The network starts with a solid foundation of 1 million validators, encouraging teams to run a substantial number of validators, with each team handling around 100,000 validators. These measures contribute to the comprehensive evaluation of the testnet and intended functionality.
According to Tatum’s blog post, by introducing Holesky and refining inflation mechanisms based on the Sepolia testnet, Ethereum continues to evolve and improve its protocols.
In a recent post on X (Formerly Twitter), the self-proclaimed Ethereum Educator, who goes by the pseudonym “Sassal.eth,” highlighted some notable statistics on the first anniversary of The Merge.
One significant achievement for Ethereum since the Merge is burning 980,000 ETH tokens, resulting in a permanent reduction of Ethereum’s total supply.
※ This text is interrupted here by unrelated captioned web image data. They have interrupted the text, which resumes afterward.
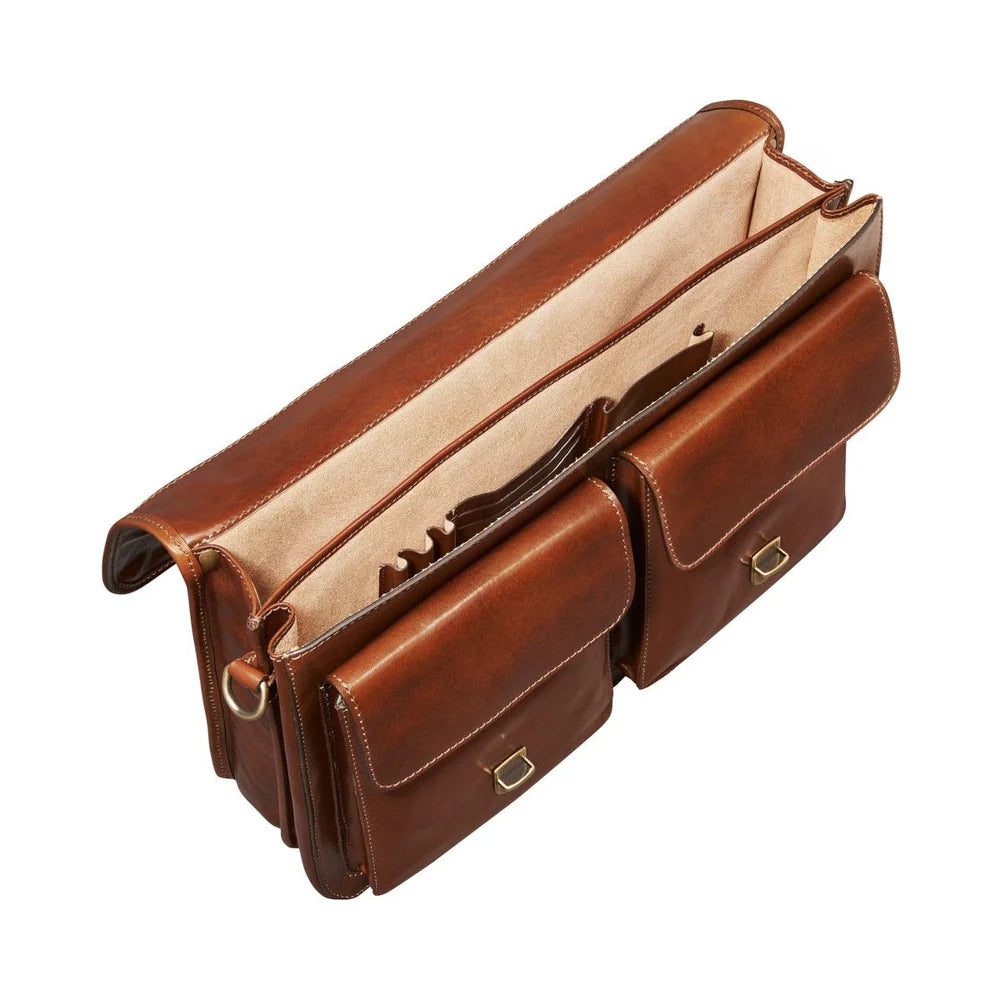 The Royal Pursuit Handmade 17" Genuine Leather Laptop Briefcase Satchel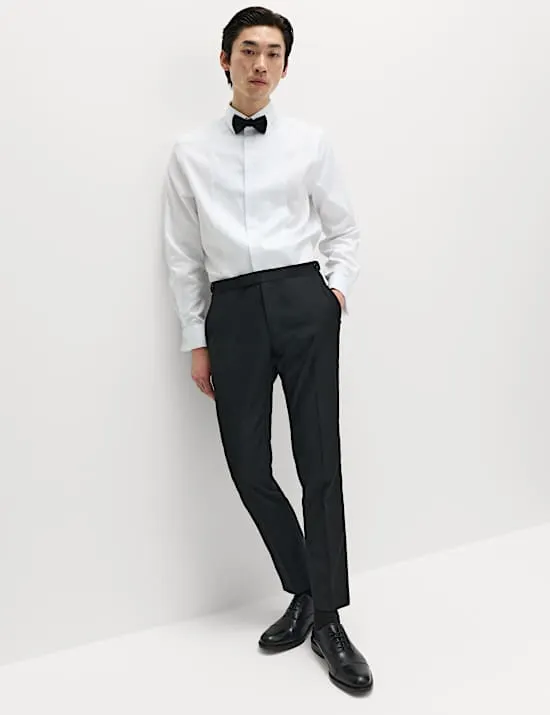 Regular Fit Cotton Dress Shirt with Bow Tie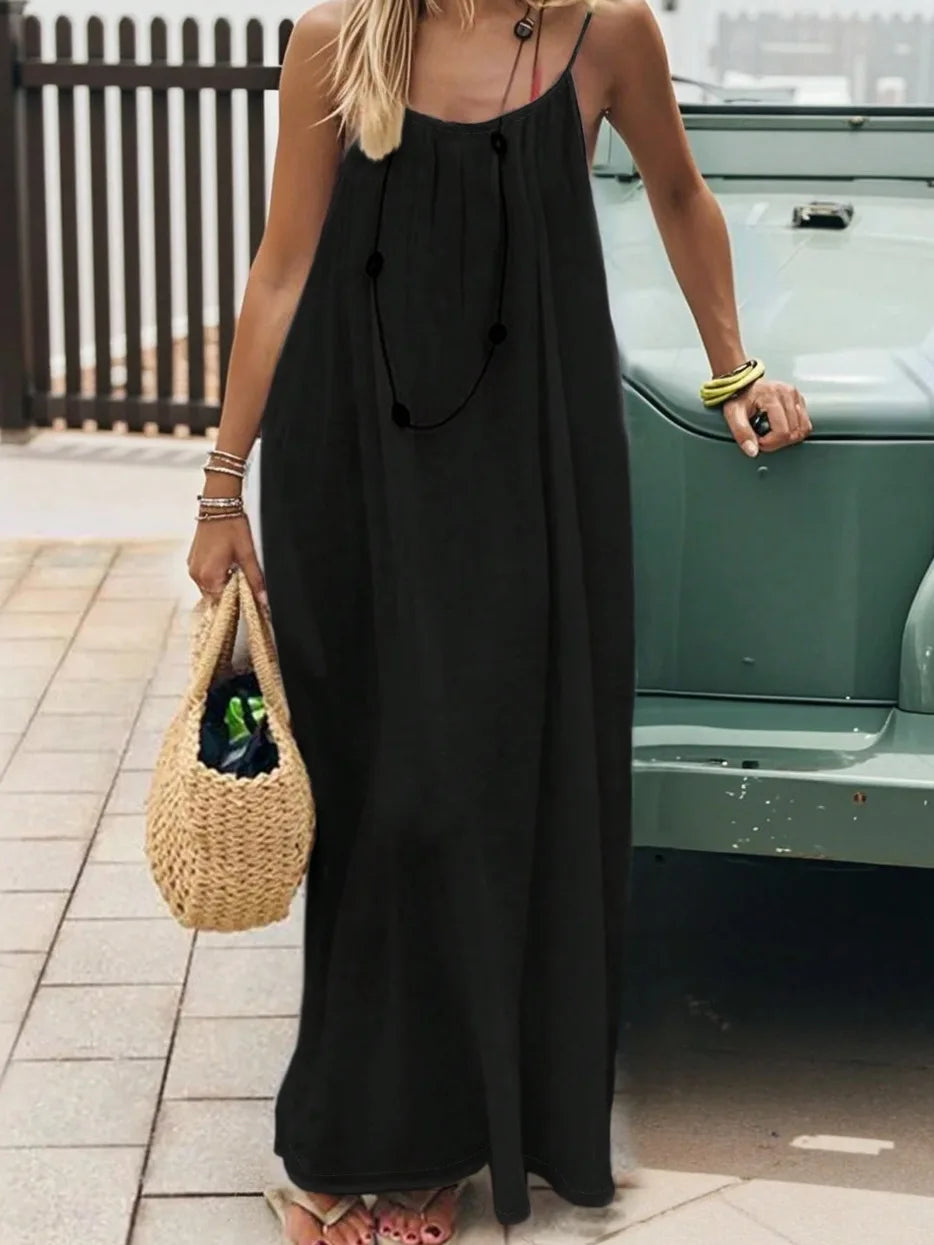 Ladies Loose H-Line Long Gown Nightwear | Comfortable Polyester Sleeveless Strap Home Clothing | Casual V-Neck Solid Color Lounge Dress | Elegant Ankle-Length Summer Beach Style Sleepwear Luxegan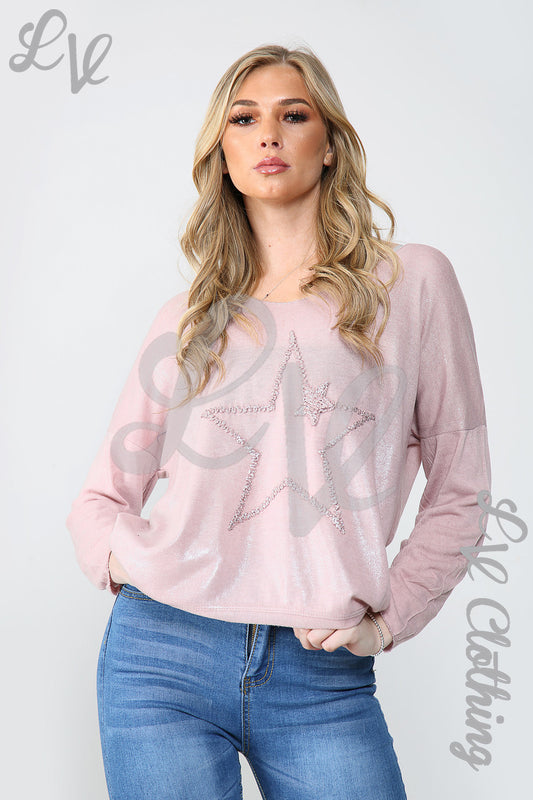 Dusty pink shimmer star embroidered long-sleeve top with crew neck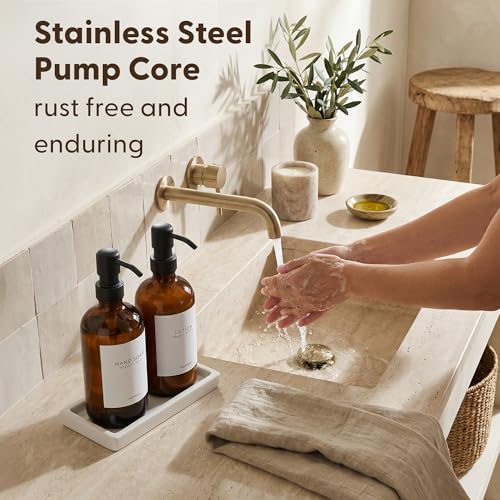 MaisoNovo Soap and Lotion Dispenser Set - Bathroom Soap Dispenser Set with Amber Glass Soap Dispenser, Black Pumps & Ceramic Tray - color: Amber Bottles/ Black Pumps/ White Ceramic Tray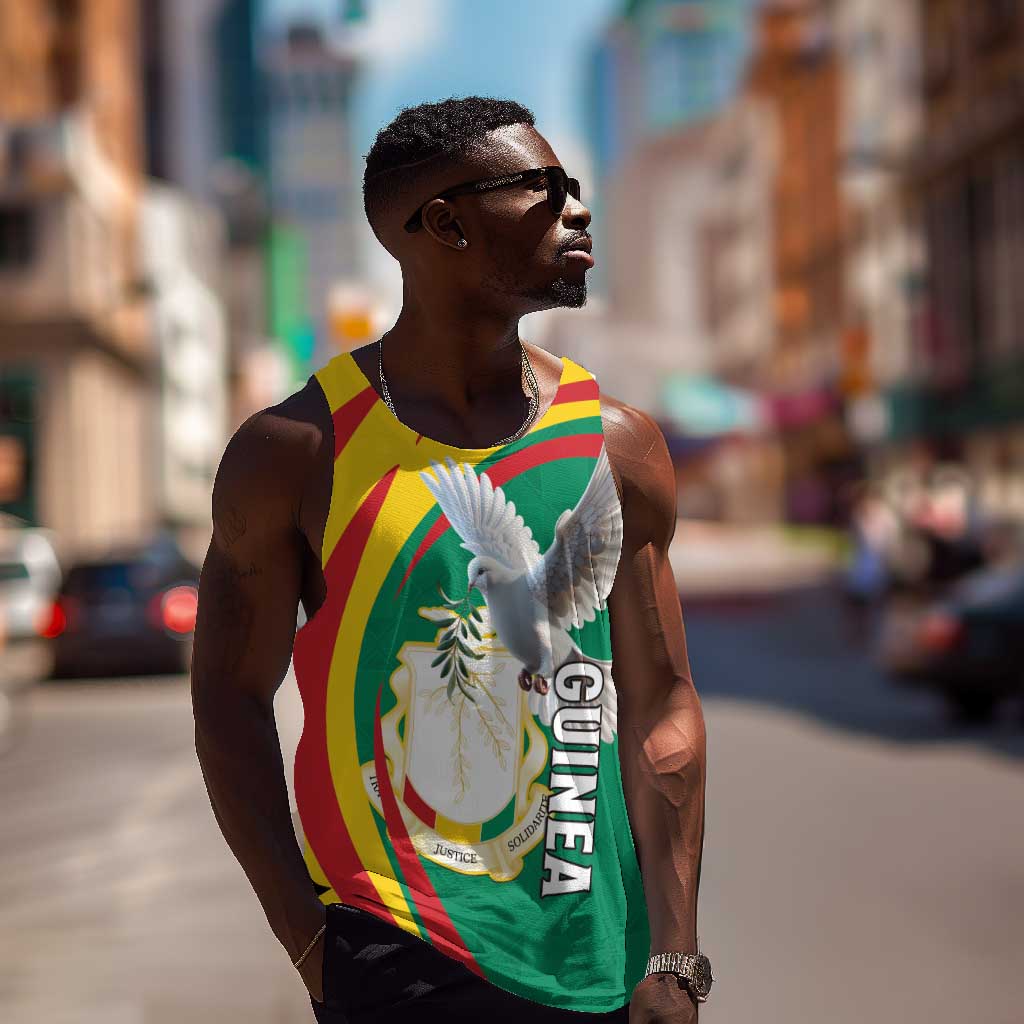 Guinea Men Tank Top Coat Of Arms With Pigeon - Kente Pattern LT15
Burning ETH involves removing tokens from circulation, contributing to potential scarcity and value.
Additionally, the Ethereum 2.0 network has seen a significant 11.6 million ETH being staked, which involves locking up ETH as collateral to participate in the proof-of-stake consensus mechanism.
Moreover, according to Sassal, adding 362,000 new validators has strengthened the Ethereum network. Validators are crucial in proposing and validating new blocks, ensuring the network’s security and overall robustness.
On the other hand, Ethereum’s native token, ETH, has experienced a tumultuous journey in terms of its price performance since the beginning of the year. Despite reaching an annual high of $2,144 on April 16, ETH has been impacted by the overall market trend, resulting in significant losses across various time frames.
Currently, ETH is trading at $1,619, representing a 1% decline in the past 24 hours. Similarly, over the past seven days, the token has recorded a decrease of 0.9%.
Looking at the fourteen and 30-day time frames, ETH has experienced declines of 1% and 11.3%, respectively, underscoring the prevailing downward trend for the token’s value.
However, it is worth noting that since the occurrence of The Merge, ETH has witnessed a moderate rise of 7.6% year to date, according to Coingecko data.